> _Data shown_:

------------------------------------

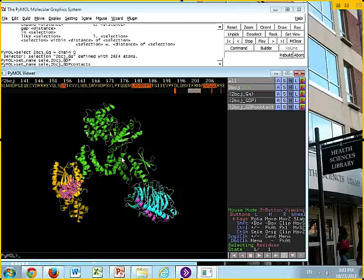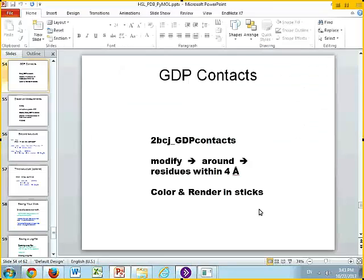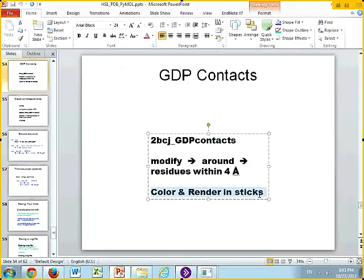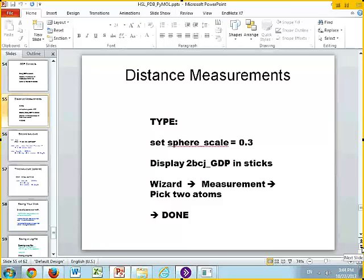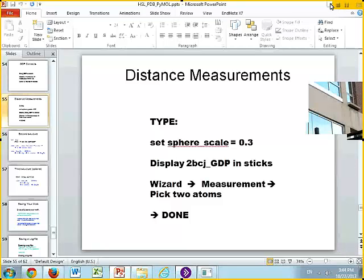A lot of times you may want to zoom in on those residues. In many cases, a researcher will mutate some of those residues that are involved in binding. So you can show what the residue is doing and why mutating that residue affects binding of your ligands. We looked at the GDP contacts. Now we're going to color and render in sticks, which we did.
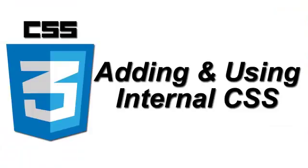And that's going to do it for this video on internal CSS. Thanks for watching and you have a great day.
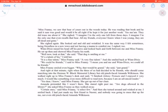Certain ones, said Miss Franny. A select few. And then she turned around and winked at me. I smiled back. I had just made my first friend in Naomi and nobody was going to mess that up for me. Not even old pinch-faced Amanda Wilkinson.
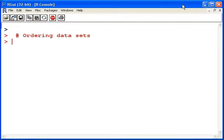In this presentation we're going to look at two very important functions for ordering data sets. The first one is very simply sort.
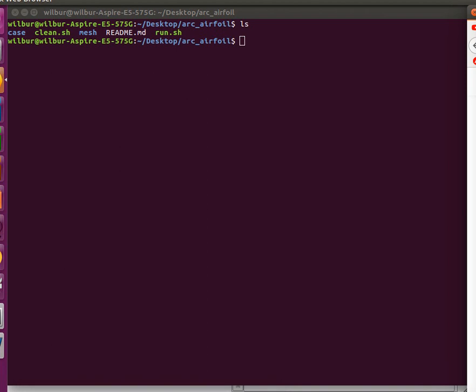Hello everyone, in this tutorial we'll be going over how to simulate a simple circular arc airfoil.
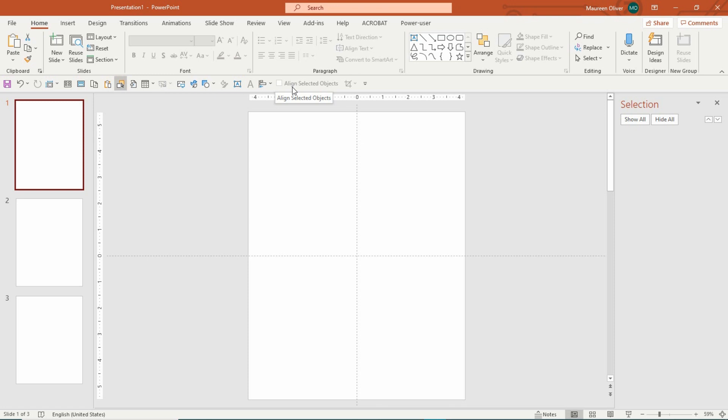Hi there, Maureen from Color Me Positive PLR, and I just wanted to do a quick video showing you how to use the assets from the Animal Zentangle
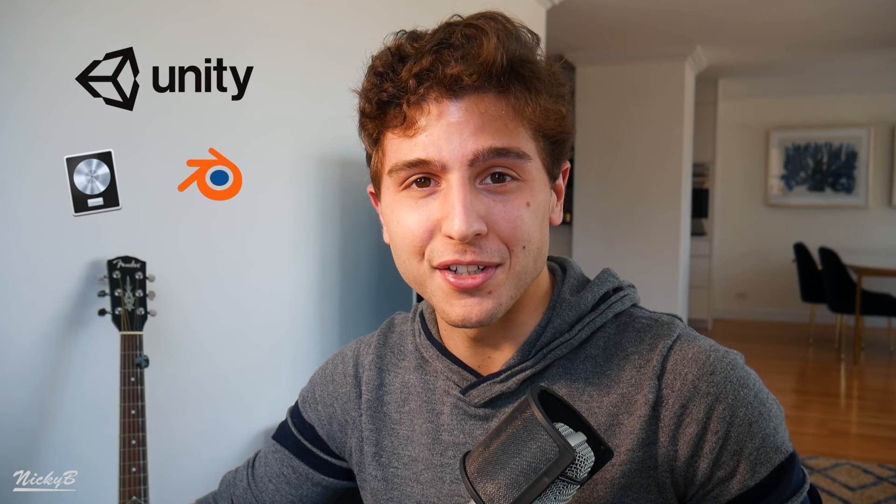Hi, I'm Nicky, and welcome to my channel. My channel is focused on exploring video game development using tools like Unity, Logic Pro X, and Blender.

------------------------------------

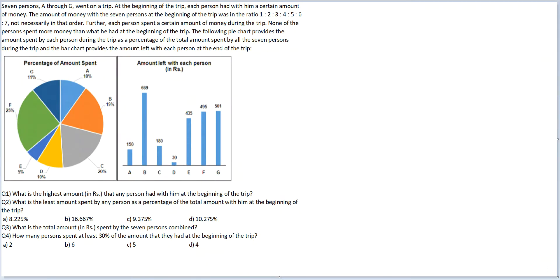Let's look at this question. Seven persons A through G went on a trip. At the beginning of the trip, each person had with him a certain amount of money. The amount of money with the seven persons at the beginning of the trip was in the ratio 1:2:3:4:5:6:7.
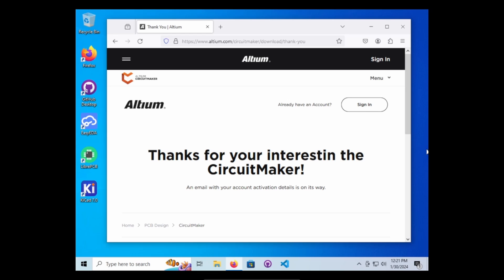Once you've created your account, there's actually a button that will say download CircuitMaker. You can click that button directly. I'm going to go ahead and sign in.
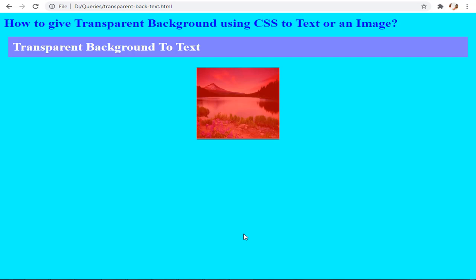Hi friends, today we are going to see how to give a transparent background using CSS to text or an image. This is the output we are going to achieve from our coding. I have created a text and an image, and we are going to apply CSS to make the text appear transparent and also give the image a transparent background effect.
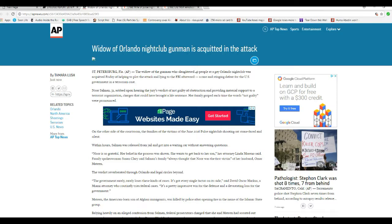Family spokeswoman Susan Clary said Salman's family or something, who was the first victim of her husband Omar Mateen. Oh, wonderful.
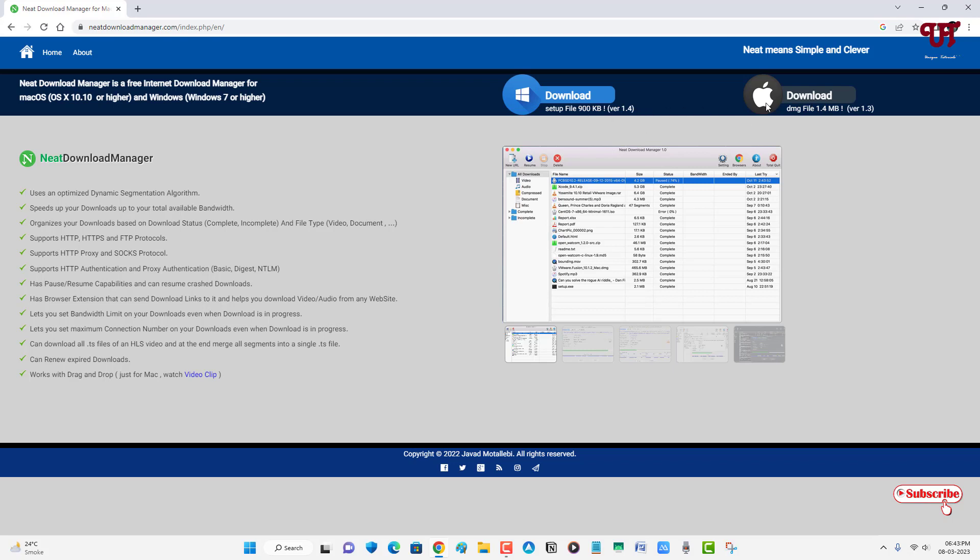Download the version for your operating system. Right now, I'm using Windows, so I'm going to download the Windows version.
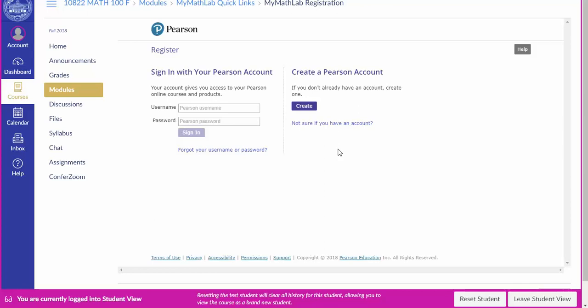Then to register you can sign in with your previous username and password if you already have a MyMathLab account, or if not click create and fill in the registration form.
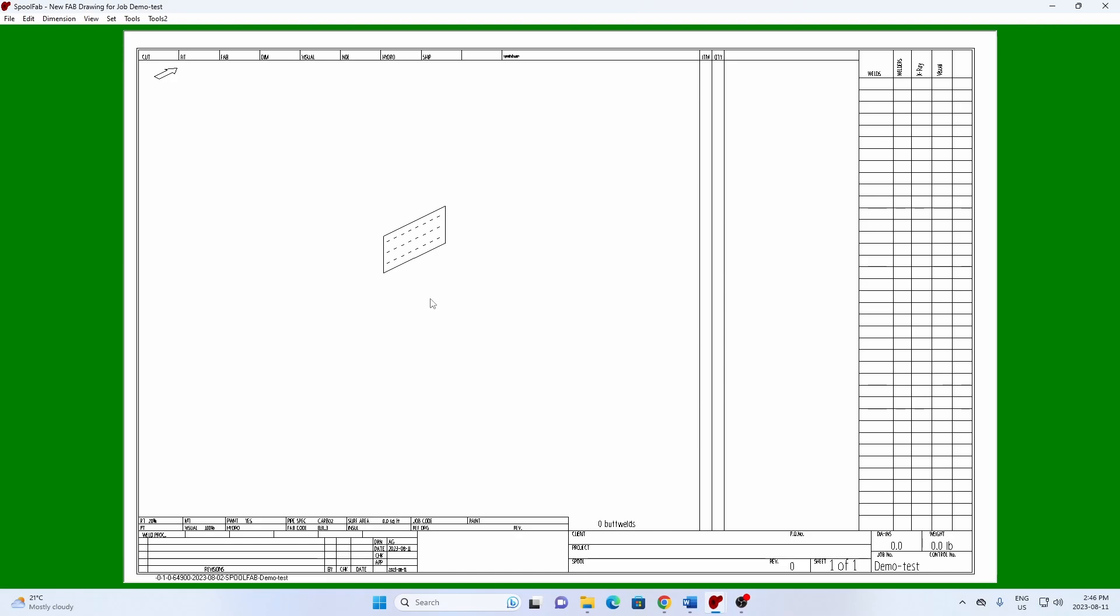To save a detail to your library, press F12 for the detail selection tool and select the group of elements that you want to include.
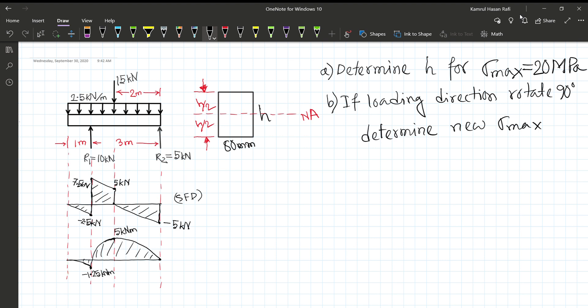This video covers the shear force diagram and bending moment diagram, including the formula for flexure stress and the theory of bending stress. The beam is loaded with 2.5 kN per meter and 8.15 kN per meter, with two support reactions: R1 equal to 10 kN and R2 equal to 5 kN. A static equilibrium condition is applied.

------------------------------------

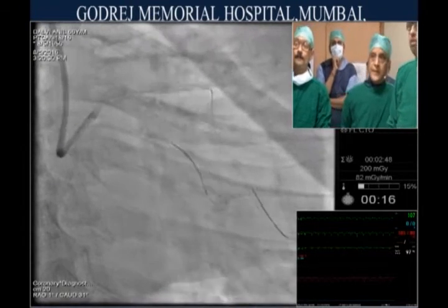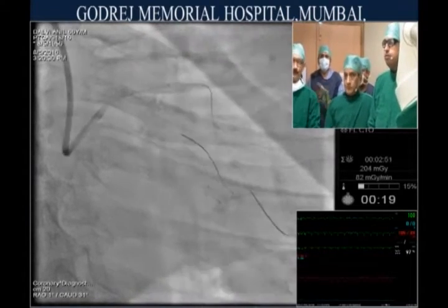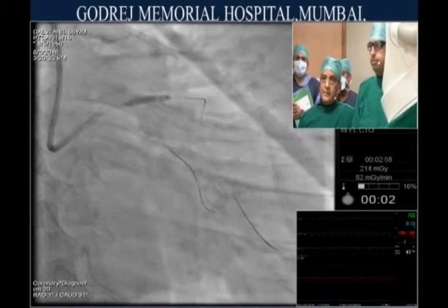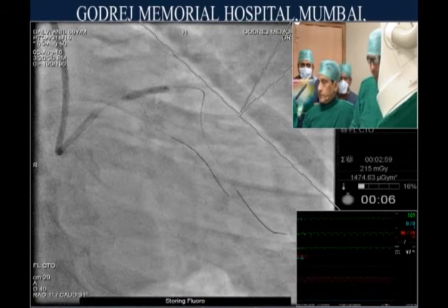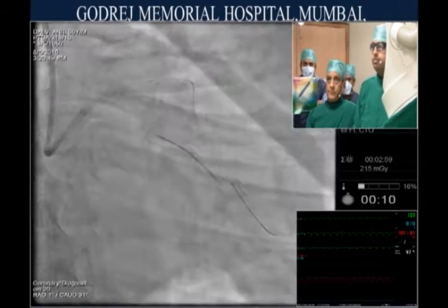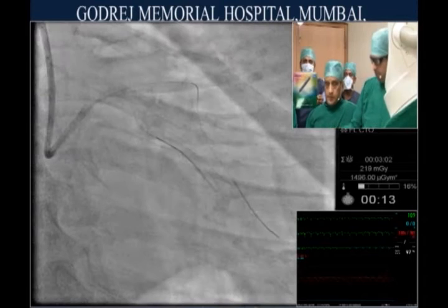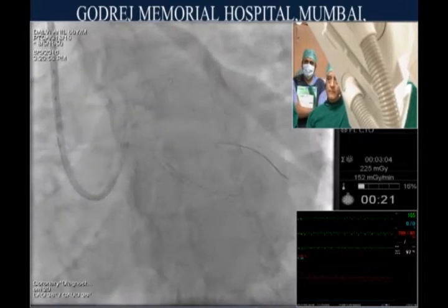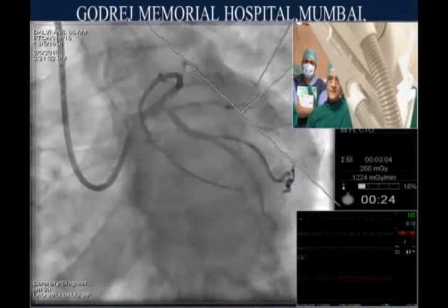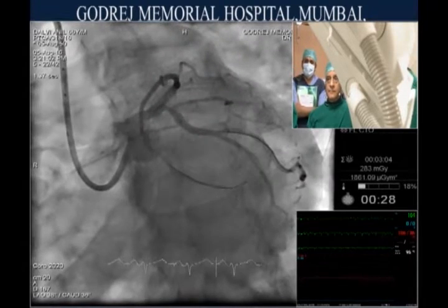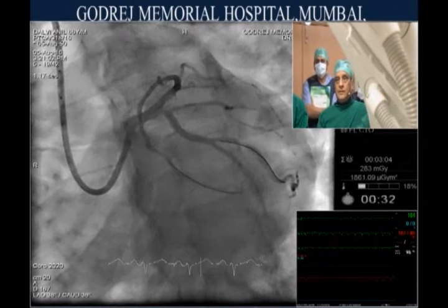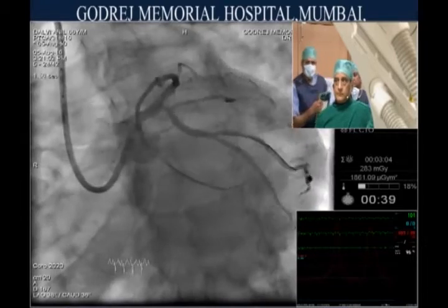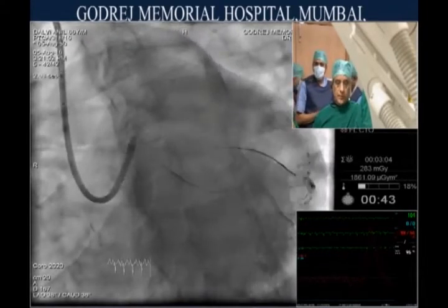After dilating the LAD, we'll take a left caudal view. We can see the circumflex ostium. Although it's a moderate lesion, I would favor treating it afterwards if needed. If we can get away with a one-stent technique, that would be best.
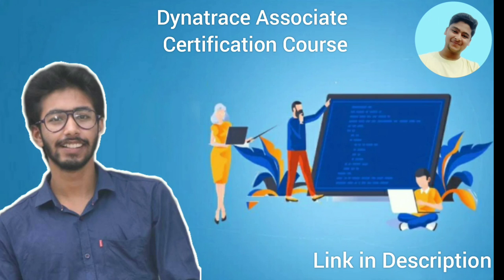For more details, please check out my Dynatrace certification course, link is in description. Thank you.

------------------------------------

> _Instructions to follow_: Your answer should consist of the lines above between those holding "Hi friends, today" and "To save a detail", inclusive, reproduced word for word and without pictures.

> _The answer_:
Hi friends, today we are going to see how to give a transparent background using CSS to text or an image. This is the output we are going to achieve from our coding. I have created a text and an image, and we are going to apply CSS to make the text appear transparent and also give the image a transparent background effect.
Family spokeswoman Susan Clary said Salman's family or something, who was the first victim of her husband Omar Mateen. Oh, wonderful.
Download the version for your operating system. Right now, I'm using Windows, so I'm going to download the Windows version.
Then to register you can sign in with your previous username and password if you already have a MyMathLab account, or if not click create and fill in the registration form.
To save a detail to your library, press F12 for the detail selection tool and select the group of elements that you want to include.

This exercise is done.